There are several different ways a bone can fracture. And most of those ways will fall under one of two categories: Simple Fracture and Compound Fracture
A simple fracture is a clean break in the bone where none of the surrounding tissue is damaged in any way.
A compound fracture is a complete opposite. It occurs when the surrounding tissue (and skin) is compromised and damaged by the broken bone.
12 Common Types Of Fractures & Broken Bones
- Avulsion fracture – muscle or ligament pulls on the bone and fractures it.

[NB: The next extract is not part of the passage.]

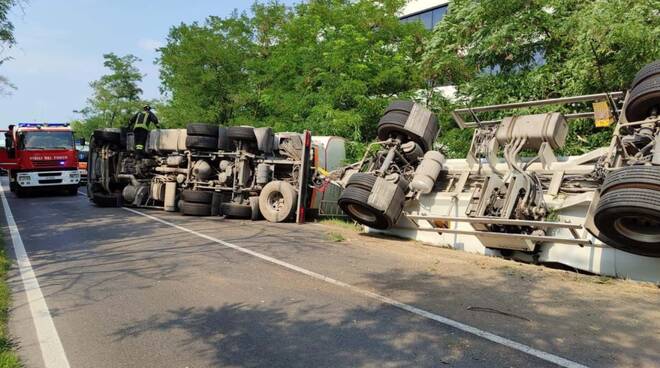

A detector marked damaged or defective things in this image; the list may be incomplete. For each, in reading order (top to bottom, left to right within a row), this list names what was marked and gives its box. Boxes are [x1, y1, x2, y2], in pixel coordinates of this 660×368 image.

overturned truck [86, 123, 340, 221]
overturned truck [340, 61, 660, 282]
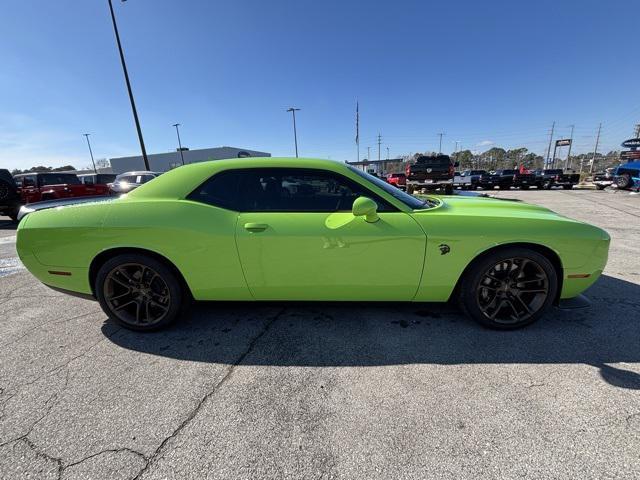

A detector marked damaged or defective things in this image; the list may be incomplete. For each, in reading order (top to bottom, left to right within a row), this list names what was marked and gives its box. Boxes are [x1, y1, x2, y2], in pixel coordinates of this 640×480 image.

- Comminuted fracture – the bone is shattered into many pieces
- Compression fracture – a crushing of the spongy bone in the spine
- Fracture dislocation – joint becomes dislocated, and one of the bones of the joint has a fracture
- Hairline fracture – a partial fracture of the bone often hard to detect
- Impacted fracture – the bone is fractured, and one fragment of bone goes into another
- Longitudinal fracture – break is along the length of the bone
- Spiral fracture – at least one part of the bone has been twisted
- Stress fracture – common among athletes. Bone breaks because of repeated stresses and strains
- Transverse fracture – a straight break right across a bone
- Oblique Nondisplaced – a diagonal fracture
- Oblique displaced– a diagonal break
Symptoms Of Broken Bones
The symptoms of a fracture are heavily influenced by a few different factors:
• The bone that has been fractured
• The age of the person with the fracture
• The overall health of the person with the fracture
• The severity of the injury sustained
But even with the above factors in play, a person with a fracture will more than likely have one or more of the following symptoms:
• Pain in the affected area. From mild to intense.
• Swelling in the affected area.
• The bruising and discolored skin around the affected area.
• Bleeding around the affected area (very common with compound fractures).
• Angulation. When the affected body part is bent at an odd angle or is dangling.
• The person is unable to put little (if any) weight on the body part.
• The person cannot move the affected area.
The following symptoms are most commonly present when larger bones (pelvis, femur, etc.) are fractured:
• Pale skin color and clamminess.
• Dizziness or fainting.
• Nausea accompanied by vomiting.
**Note: The three symptoms above are also indicators of shock.
How To Properly Treat Bone Fractures
As with most other injuries that occur while riding, your first plan of action is to contact 911, if possible. If you can contact emergency services, do not touch the affected area until professional help arrives.
If you cannot contact 911, take the following actions:
1. Stop any bleeding. If there is bleeding involved, stop it first by applying light, steady pressure on the wound with a sterile cloth or other fabric.
2. Immobilize the injured area. Do NOT try to realign the bone or push and pull it back into place. This can cause further damage and potentially turn a minor injury into a severe, life-threatening injury.
3. Apply a stint (if possible). Apply a splint, then apply one directly above and below the affected area. Cardboard, folded paper, sticks, or anything else that is stiff will work.
4. Apply ice to the affected area. This will help reduce any swelling and relieve some of the pain. Do NOT place the ice directly onto the affected area. The drastic change in temperature can further restrict blood flow and potentially put the person into shock.
Special Note: If the person appears to be pale and/or is dizzy and nauseous, then you’ll also want to treat them for shock.